Margarida Marques mantém-se otimista sobre o futuro da União Europeia, mas afirma que não é ingénua em relação aos problemas que as instituições enfrentam. Como secretária de estados dos Assuntos Europeus, deparou-se inicialmente em Bruxelas com um clima de desconfiança que agora se traduz, diz, numa “confiança completa” da Comissão Europeia no governo português. Sobre o debate da renegociação da dívida, pedido pelos partidos à esquerda do PS e por alguns membros do próprio partido, a governante afirma que não será Portugal a colocar “a questão na agenda política europeia”.
Em entrevista ao Observador, Margarida Marques, que foi durante vários anos funcionária da Comissão Europeia — chegou mesmo a dirigir o gabinete da representação da Comissão Europeia em Portugal — garante que Portugal está a procurar “sempre usar toda a flexibilidade existente” dentro das instituições e que tanto o Programa de Estabilidade como o Plano Nacional de Reformas (PNR) já foram alvo de discussão com Bruxelas, estando agora “confiante” que passarão no crivo da Comissão.
Nos últimos anos Portugal esteve sob fortes medidas de austeridade e essa carga ainda se mantém. Isso foi fruto do resgate da troika e dos constrangimentos impostos pela União Europeia?
Estes quatro anos, do meu ponto de vista, foram o resultado de uma opção política e de um programa político. O que nós temos ao nível europeu é uma coordenação económica, que é normal. Essa coordenação está prevista e desenhada no Tratado. Referindo mais especificamente a União Económica e Monetária e os países que aderiram à moeda única, tem de haver uma cooperação mais apertada nesses países.
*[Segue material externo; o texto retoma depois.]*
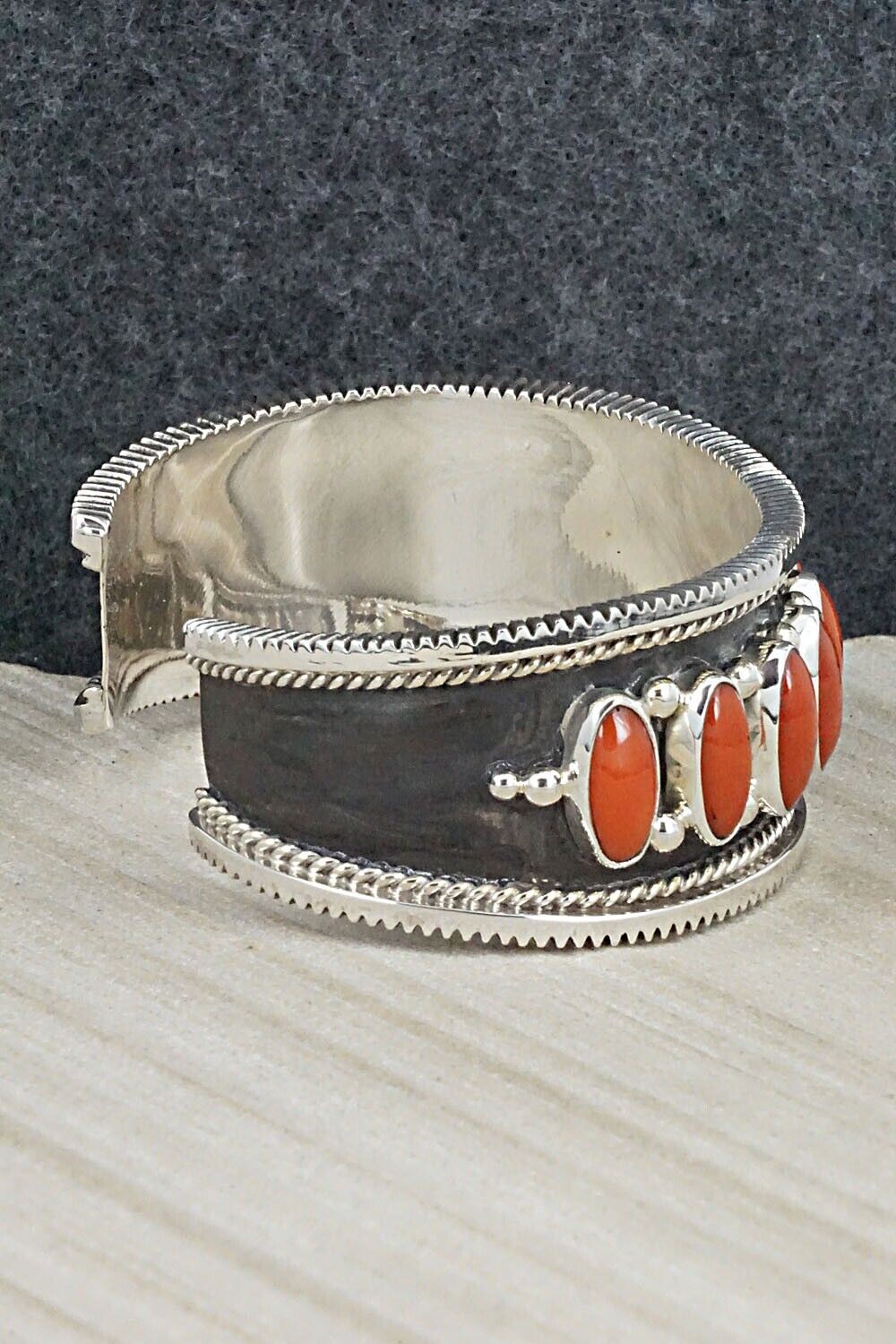 Coral & Sterling Silver Bracelet - Tom Lewis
E é nesta cooperação — que designamos de Semestre Europeu — que tem de ser entendido um conjunto de critérios que são fixados no momento em que é criada a moeda única. Compete a cada Estado-membro definir as suas políticas para atingir esses objetivos. É aqui que a questão está. Quando os Estados-membros definem as suas políticas para atingir estes objetivos, estão a fazer política. Senão, não se justificaria o funcionamento democrático e defendemos esse funcionamento democrático. Os Governos são escolhidos com base no seu programa político e devem ter condições para respeitar esse programa político respeitando os compromissos. Mas não há uma via única e onde está a margem de manobra dos Governo na UE é na definição das suas políticas para atingir aqueles objetivos.
Dentro dos partidos que apoiam o atual Governo, tanto o BE como o PCP criticam abertamente os limites europeus, mas o PS não fica à margem dessas críticas. O próprio PS pensa que o Programa de Estabilidade é um travão de ambições. Em alguma medida as metas europeias condicionam as políticas, ou não?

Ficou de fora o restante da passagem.